Quickly I start to question: “What is good enough?” The biggest improvements in control for Type 1’s grew out of the DCCT (Diabetes Control and Complications Trial) in 1995. This study proved conclusively that better A1c numbers resulted in huge reductions in eye, kidney, and nerve complications for Type 1’s. But lest you conclude that this means that you are a failure if your A1c is not in the 5.0-6.5 range, the group which used intensive therapy and was rewarded with a significant lower rate of complications had an average A1c of 7.2%. Currently the American Diabetes Association (ADA) recommends that people with diabetes target an A1c of 7.0 or lower. The American Association of Clinical Endocrinologists goes a bit lower with a recommendation of 6.5%.
What is the return on investment if you get down to 6.0% or 5.5%? Dr. Bernstein preaches that your A1c is not “normal” until it is down to the range of 4.2 – 4.6%. Until recently, the idea of such low A1c’s for Type 1’s was unheard of and totally unrealistic.

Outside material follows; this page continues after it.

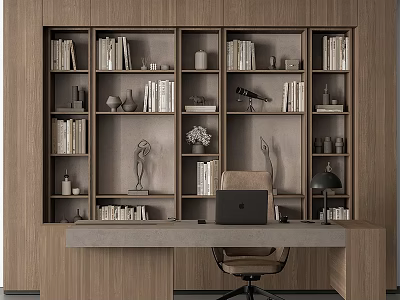 Modern Office Desk with Bookshelves Books Sculpture Green Plant Lamp and Laptop 3d model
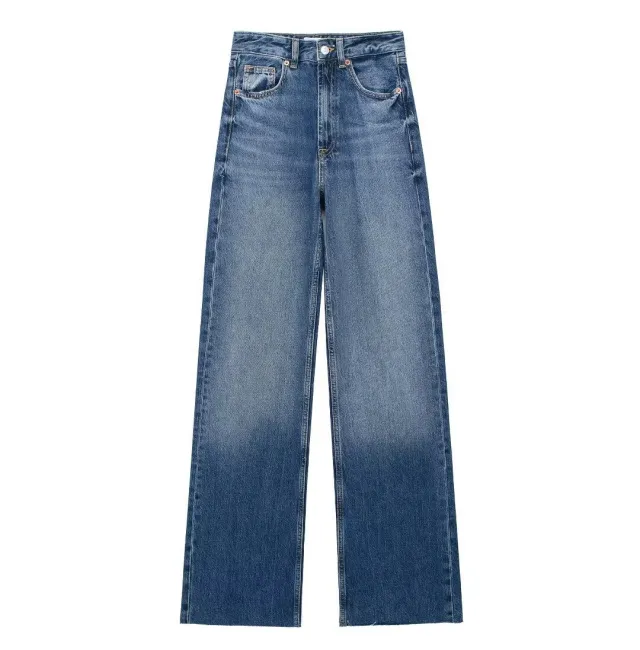 Maillard High Waist Loose Wide Legs Jeans Sea Blue - Shop at LoveMi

There are no research studies to measure the benefits of targeting truly normal A1c’s for people with diabetes. We don’t really know if the work to obtain an A1c of 5.5% has significant payoffs compared to an A1 of 6.5%. Although there are some studies that indicate that maybe high variations in BG are worse than a somewhat higher but level BG trend, we really don’t know.
In recent years, Joslin has been studying people who have had Type 1 for fifty years or longer. They are attempting to find why this group of Type 1’s has continued to thrive while many of their contemporaries have either died or been saddled with devastating complications. Being relatively complication-free after 37 years makes me believe that if there is something protecting the Joslin Medalists, I share in their good fortune.
In addition to the Joslin 50-year Medalists, there are the ubiquitous stories of long term Type 1’s who are healthy despite doing nothing right. In a January 3rd blogpost, Scott Johnson talks about a recent stellar eye exam and tells the story of an old timer T1 whose prescription for good health is: “Stay away from doctors and have at least two beers each day.”
I have recently raised my target BG levels on my pump. When hiking, I have stopped correcting numbers in the 140-160 range and have been rewarded with a few 8-12 mile hikes with no significant lows or highs. I continue to argue that some of my recent low A1c’s have fewer lows than previously higher A1c’s because I’m not over-correcting highs. Because of eating a relatively low carb diet and using a Dexcom G4, I have fewer lows than I used to and almost no severe lows. So I don’t want anyone to think that this post is a pity party at all.
So what’s a girl to do? I have no great words of wisdom except to make sure that you have good and protective genes…. I also believe that consistent exercise is a band-aid for blood glucose excursions from too much chocolate and ice cream. I am a huge supporter of CGM technology that allows me to lower my targets with the confidence that I will get warnings when my BG drops too low.
I have come to terms with the idea that I am incapable of doing “worse” in my diabetes care. Meri at Our Diabetic Life wrote a recent post questioning whether it was a problem constantly overriding the recommendations of her boys’ pumps. As a super-mom who is occasionally criticized for trying too hard, she doesn’t know any other way than doing her best. My comment on that post emphasizes that I am the same way: “But for those of us wired to always try hard, how can we attempt to not always try to do our best?”
My best. That’s me and I don’t know any other way to do it. And if what I think is the best isn’t really the best, then that’s just the way it is.